The cancan, sometimes hyphenated as can-can, was the forerunner to modern burlesque and striptease. In the present day, it is a high-energy music hall dance, traditionally performed by a chorus line of female dancers who wear costumes with long skirts, petticoats, and black stockings. The main features of the dance are the lifting and manipulation of the skirts, with high kicking and suggestive, provocative body movements, allowing the audience to see their knickers, stockings and suspenders.

The Infernal Galop from Jacques Offenbach's Orpheus in the Underworld is the tune most associated with the can-can, although a wide variety of musical pieces have been written for both the stage and the cinema, many of them based on Offenbach's composition. While the cancan is now considered a part of world dance culture, it still retains something of a risque connotation for many.


Artwork by Jean Béraud.
The cancan first appeared in the working-class ballrooms of Montparnasse in Paris around 1830. It was a more lively version of the galop, a dance in quick 2/4 time, which often featured as the final figure in the quadrille. The cancan was, therefore, originally a dance for couples, who indulged in high kicks and other gestures with arms and legs. It is thought that they were influenced by the antics of a popular entertainer of the 1820s, Charles Mazurier, who was well known for his acrobatic performances, which included the grand écart or jump splits — later a popular feature of the cancan. At this time, and throughout most of the 19th century in France, the dance was also known as the chahut. Both words are French, cancan meaning "tittle-tattle" or "scandal," hence a scandalous dance, while chahut meant "noise" or "uproar." The dance caused something of a scandal, and for a while, there were attempts to repress it. Occasionally people dancing the cancan were arrested but it was never officially banned, as is sometimes claimed.

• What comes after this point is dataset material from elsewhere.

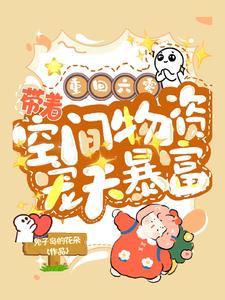 带着空间宠夫暴富 兔子岛的花朵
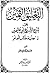 التعليق الثمين على شرح الشيخ ابن عثيمين لحلية طالب العلم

As performers of the cancan became more skilled and adventurous, it gradually developed a parallel existence as entertainment, alongside the participatory form, although it was still very much a dance for individuals and not yet performed on stage by a chorus line. A number of female performers achieved widespread notoriety during this period. They were mostly middle-ranking courtesans, and only semiprofessional entertainers—unlike the dancers of the 1890s, such as La Goulue and Jane Avril, who were highly paid for their appearances at the Moulin Rouge and elsewhere. The female dancers of the Second Empire and the fin de siècle developed the various cancan moves that were later incorporated by the choreographer Sandrini in the spectacular "French Cancan", which he devised at the Moulin Rouge in the 1920s and presented at his own Bal Tabarin from 1928. This was a combination of the individual style of the Parisian dance-halls and the chorus-line style of British and American music halls.


Port d'armes.
In the United Kingdom, the United States and elsewhere, the cancan achieved popularity in music halls, where it was danced by groups of women in tightly choreographed routines.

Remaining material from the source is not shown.